Please repeat, without alteration, the line containing "5.5-inch LCD Display" and every line that follows it to the end of the entries below, and only those lines.

[Exercise materials Boundary: Start]

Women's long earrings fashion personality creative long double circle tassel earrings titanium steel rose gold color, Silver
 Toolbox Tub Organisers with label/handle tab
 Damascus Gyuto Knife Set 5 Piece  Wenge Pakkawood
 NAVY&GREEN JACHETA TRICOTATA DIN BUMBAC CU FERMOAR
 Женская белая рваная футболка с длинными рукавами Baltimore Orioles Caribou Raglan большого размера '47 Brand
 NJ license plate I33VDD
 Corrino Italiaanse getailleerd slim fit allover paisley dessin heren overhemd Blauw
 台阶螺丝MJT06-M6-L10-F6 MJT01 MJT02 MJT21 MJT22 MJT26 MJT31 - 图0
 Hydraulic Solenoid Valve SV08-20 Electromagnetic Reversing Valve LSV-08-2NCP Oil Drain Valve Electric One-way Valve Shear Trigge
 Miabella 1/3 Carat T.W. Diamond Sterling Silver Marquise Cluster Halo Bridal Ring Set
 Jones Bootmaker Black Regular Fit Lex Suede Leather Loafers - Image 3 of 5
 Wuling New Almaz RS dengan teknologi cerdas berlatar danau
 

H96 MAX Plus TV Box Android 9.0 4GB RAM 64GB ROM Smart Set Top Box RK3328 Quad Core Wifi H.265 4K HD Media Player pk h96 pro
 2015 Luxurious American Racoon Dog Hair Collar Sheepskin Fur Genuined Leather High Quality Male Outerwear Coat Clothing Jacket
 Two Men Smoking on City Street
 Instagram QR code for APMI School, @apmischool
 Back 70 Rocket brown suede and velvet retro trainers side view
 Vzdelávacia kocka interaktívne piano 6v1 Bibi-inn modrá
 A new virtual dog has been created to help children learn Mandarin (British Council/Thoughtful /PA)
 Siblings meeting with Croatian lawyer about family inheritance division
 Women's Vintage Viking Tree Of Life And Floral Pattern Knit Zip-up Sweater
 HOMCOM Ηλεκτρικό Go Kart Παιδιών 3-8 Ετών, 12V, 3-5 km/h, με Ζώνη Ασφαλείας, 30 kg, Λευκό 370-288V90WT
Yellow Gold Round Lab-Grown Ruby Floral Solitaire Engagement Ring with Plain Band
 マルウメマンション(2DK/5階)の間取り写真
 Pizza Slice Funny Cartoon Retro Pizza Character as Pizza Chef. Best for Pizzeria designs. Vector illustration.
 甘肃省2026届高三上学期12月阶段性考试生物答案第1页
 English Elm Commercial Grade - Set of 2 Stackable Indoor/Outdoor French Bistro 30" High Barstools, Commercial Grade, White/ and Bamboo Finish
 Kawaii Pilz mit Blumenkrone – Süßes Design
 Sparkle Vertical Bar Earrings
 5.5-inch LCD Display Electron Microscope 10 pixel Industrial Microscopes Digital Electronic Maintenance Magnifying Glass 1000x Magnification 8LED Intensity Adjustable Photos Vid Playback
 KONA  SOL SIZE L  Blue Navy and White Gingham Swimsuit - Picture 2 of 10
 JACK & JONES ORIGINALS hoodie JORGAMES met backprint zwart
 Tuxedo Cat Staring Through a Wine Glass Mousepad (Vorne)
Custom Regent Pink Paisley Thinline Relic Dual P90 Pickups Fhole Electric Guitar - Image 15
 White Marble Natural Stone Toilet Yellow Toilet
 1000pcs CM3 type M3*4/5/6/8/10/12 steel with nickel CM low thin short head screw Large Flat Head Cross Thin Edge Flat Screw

[Exercise materials Boundary: End]

> [Response area]:
 5.5-inch LCD Display Electron Microscope 10 pixel Industrial Microscopes Digital Electronic Maintenance Magnifying Glass 1000x Magnification 8LED Intensity Adjustable Photos Vid Playback
 KONA  SOL SIZE L  Blue Navy and White Gingham Swimsuit - Picture 2 of 10
 JACK & JONES ORIGINALS hoodie JORGAMES met backprint zwart
 Tuxedo Cat Staring Through a Wine Glass Mousepad (Vorne)
Custom Regent Pink Paisley Thinline Relic Dual P90 Pickups Fhole Electric Guitar - Image 15
 White Marble Natural Stone Toilet Yellow Toilet
 1000pcs CM3 type M3*4/5/6/8/10/12 steel with nickel CM low thin short head screw Large Flat Head Cross Thin Edge Flat Screw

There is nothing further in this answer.